Словно в унисон с этими сентенциями Пушкин наставляет юного брата: "Не суди о людях по собственному сердцу (…) презирай их самым вежливым образом: это средство оградит тебя от мелких предрассудков и мелких страстей, которые будут причинять тебе неприятности при вступлении твоем в свет (…) Будь холоден со всеми; фамильярность всегда вредит (…) Никогда не принимай одолжений: одолжение – чаще всего предательство. Избегай покровительства, потому что это порабощает и унижает" (XIII, 524).

Подобная перекличка поэта с Шамфором угадывается, – на что указал в свое время Козмин, – и в хронологически близком письму отрывке (возможно, 1823 года): "Жалуются, – пишет Пушкин, – на равнодушие русских женщин к нашей поэзии, полагая тому причиною незнание отечественного языка: но какая же дама не поймет стихов Жуковского, Вяземского или Баратынского? Дело в том, что женщины везде те же. Природа, одарив их тонким умом и чувствительностью самой раздражительною, едва ли не отказала им в чувстве изящного? Поэзия скользит по слуху их, не досягая души; они бесчувственны к ее гармонии; примечайте, как поют они модные романсы, как искажают стихи самые естественные, расстраивают меру, искажают рифму. Вслушайтесь в их литературные суждения, и вы удивитесь кривизне и даже грубости их понятия…Исключения редки" (Дн., 90).

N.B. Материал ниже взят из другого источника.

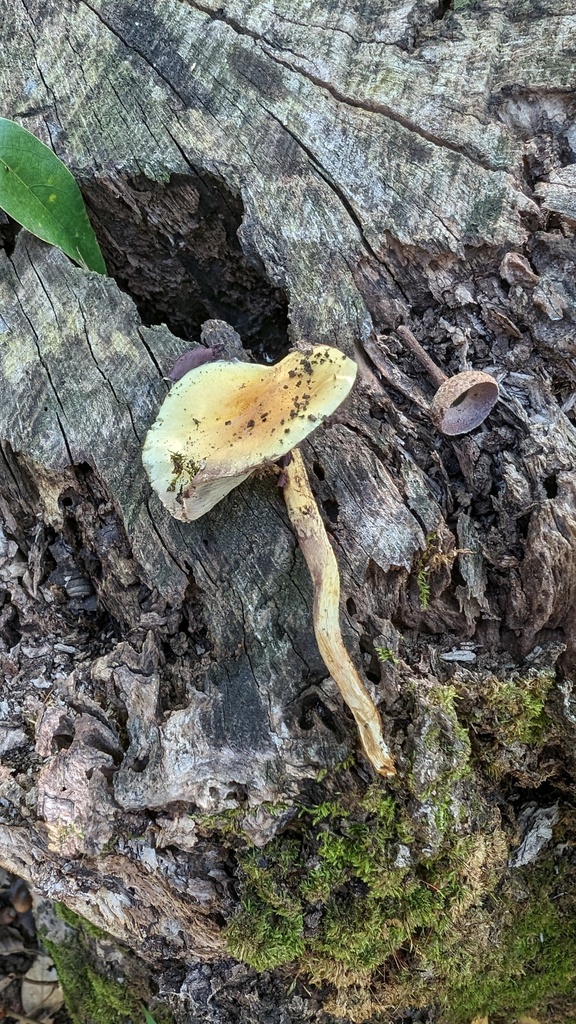 Hypholoma fasciculare · November 2023 · photo: © atsushi_nakajima_cirque (iNaturalist, cc-by)
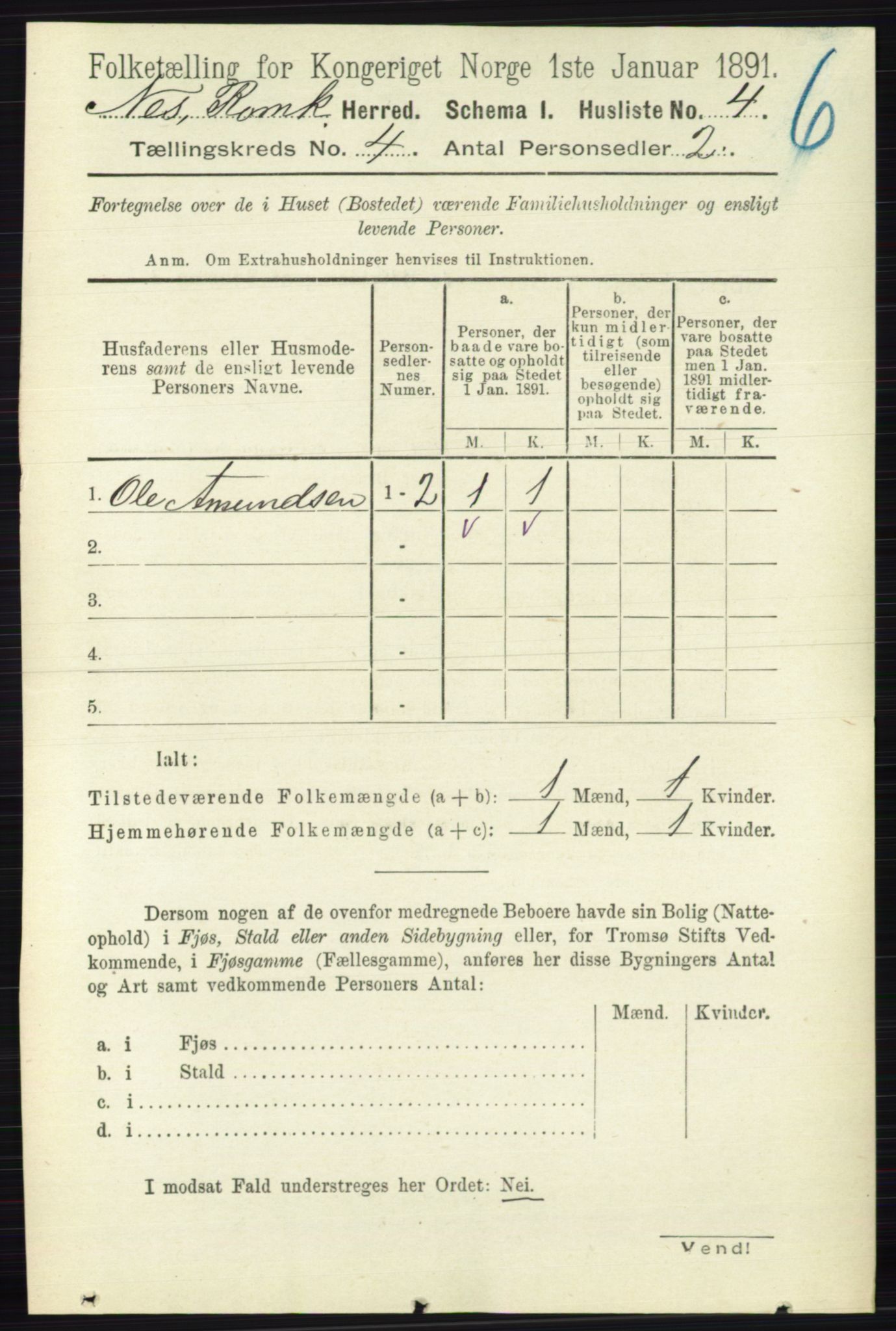 RA, 1891 census for 0236 Nes, 1891, p. 2185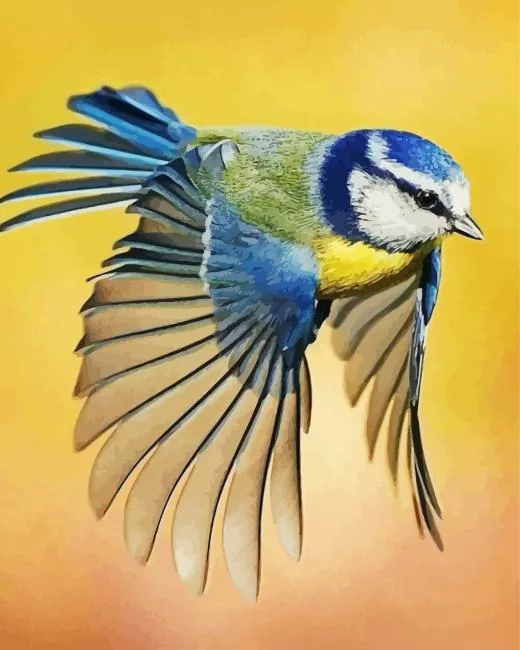 Parus Bird flying Diamond With Numbers Parus Bird Flying Diamond Painting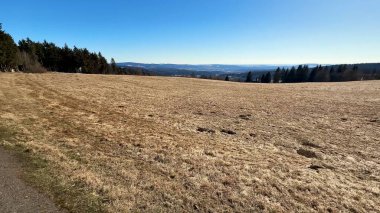 Sakin bir manzara engin yeşil bir tarlayı ve berrak mavi gökyüzünün altında uzak görkemli dağları barındırır.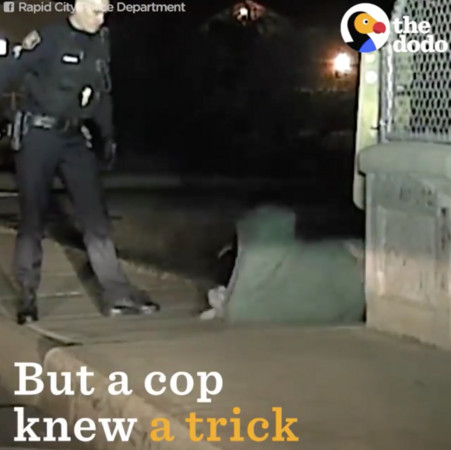 警察巡邏驚見鹿卡牆(圖/翻攝自粉絲專頁The Dodo)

У Шамфора читаем: "Некоторые мои знакомцы из числа людей, наделенных пылким воображением, а потому неизменно проявляющих живой интерес к прекрасному полу, не раз говорили мне, что их всегда удивляет, как мало на свете женщин, восприимчивых к искусству, в особенности к поэзии. Один поэт (…) рассказывал мне, в какое изумление повергала его некая умная, изящная, обладающая чувствительным сердцем дама. Она всегда была со вкусом одета, отлично играла на многих инструментах и при этом не имела ни малейшего представления, что такое ритм или чередование рифм: ей ничего не стоило заменить в стихе удачное, порой гениально найденное слово первым попавшимся банальным выражением, даже если последнее нарушало размер" (Ш., 147).

Примечательно, что позднее Пушкин изменил своему заимствованному скептицизму, и в "Рославле", как, впрочем, и в "Table-talk" (см.: Дн., 111), звучат уже совершенно иные высказывания о женщинах. "Нет сомнения, – запальчиво утверждает пушкинская героиня, – что русские женщины лучше образованы, более читают, более мыслят, нежели мужчины." (VIII, 1; 156).

Трудно не заметить и жанрового подобия "Table-talk" собранию "Anecdotes, caractères et dialogues" Шамфора, хотя название "разговоров"" Пушкина принято отсылать к одноименной книге С. Т. Кольриджа "Spesimens of the Table-Talk", которую русский поэт купил 17 июля 1835 г.. Но эта книга, как справедливо отмечает исследователь, представляет собой аккуратно записанные неким H.N.C. беседы с Кольриджем разных лиц. "Задача книги – показать облик Кольриджа, обаятельного и содержательного собеседника, похожего на философов афинского Ликея ("He was to them as an oldmaster of the Academy of Liceum", – пишет автор предисловия…") (Дн., 198).